One way to counter French propaganda was to cultivate good relations with other European powers, and here a number of factors worked in Henry's favour. The reputation he had gained as crusader and pilgrim in the early 1390s, the personal contacts he had made then, and the belief that he had been unjustly treated in 1398–9 were all cards that might be played to advantage; four sons and two daughters also represented a healthy hand with which to bid in the international marriage market. One priority was reassuring England's major trading partners. Four days after taking the throne, Henry wrote to the Doge of Venice assuring him that Venetians would always be treated ‘like our own lieges’ in England; the privileges of other foreign merchants were also confirmed.
34
Envoys were despatched to Rome, France, Hungary, Germany, Spain, Ireland and elsewhere to explain the ‘horrible causes’ for Richard II's deposition – presumably a catalogue of his misdeeds – and, whether on account of this or for pragmatic reasons, hostility throughout much of Europe was muted.
35
In Scandinavia, the Italian peninsula, the Holy Roman Empire and Iberia (where one of Henry's sisters was queen of Castile, another queen of Portugal) rulers rapidly accepted the usurpation as a fait accompli, and negotiated with the new English king much as they had done with his predecessors.
36

However, this was not the case in Scotland, France's long-standing ally: England's confusion was Scotland's opportunity.

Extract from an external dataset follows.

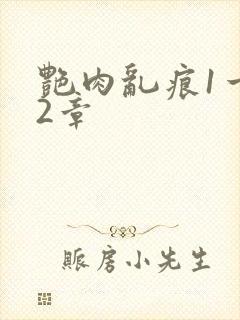 艳肉乱痕1一12章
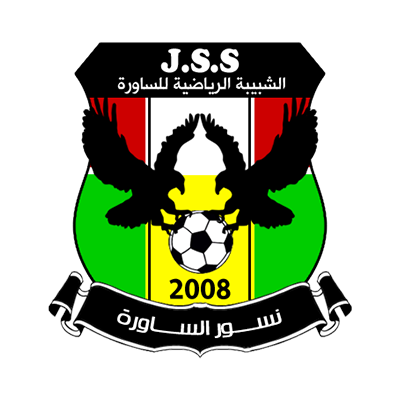 Produto para bebé Jeunesse sportive Saoura, ideal para fãs de desporto. Perfeito para completar o guarda-roupa do seu pequeno!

Since the 1370s, cross-border warfare had been driven mainly by Scottish aggression, resulting in
the recovery of substantial areas of land north of the Tweed–Solway line, the English response to which had generally been reactive and ineffective.
37
The chance to capitalize on political upheaval south of the border was thus tempting, although it was not the Scottish king who decided policy. Robert III, who had ruled in name since 1390, was ill and ageing, and had been effectively sidelined at a general council held at Perth in January 1399. In his place, his twenty-year-old son David, duke of Rothesay, was appointed lieutenant of the realm for three years, but to exercise power Rothesay had to feed the ambitions of his uncle Robert, duke of Albany, and of Archibald the Grim, third earl of Douglas, who controlled much of the north and south of the kingdom, respectively.
38
It was this shifting, but for the moment stable, triumvirate which was responsible for the more aggressive policy towards England which marked the early months of Henry's reign.
39
Letters in King Robert's name addressed Henry as ‘duke of Lancaster, earl of Derby and steward of England’, Wark castle in Northumberland was raided in mid-October (possibly on the day of Henry's coronation, something of a Scottish tradition), and fears of a Scottish invasion were rife at Westminster, leading to calls for a punitive expedition by the king.
40
The earl of Northumberland and his son Hotspur, wardens of the west and east marches, respectively, also favoured a campaign, for they had ambitions north of the border, although whether they wanted the king to come north in person is questionable. Henry assured parliament on 10 November 1399 that his plan to invade Scotland, approved that day, had not been conceived at the instigation of the northern magnates but was born of his own desire to defend his realm from the ‘great wickedness and rebellion of the Scots’, but his defensive tone hinted at unease about Percy influence on his decision.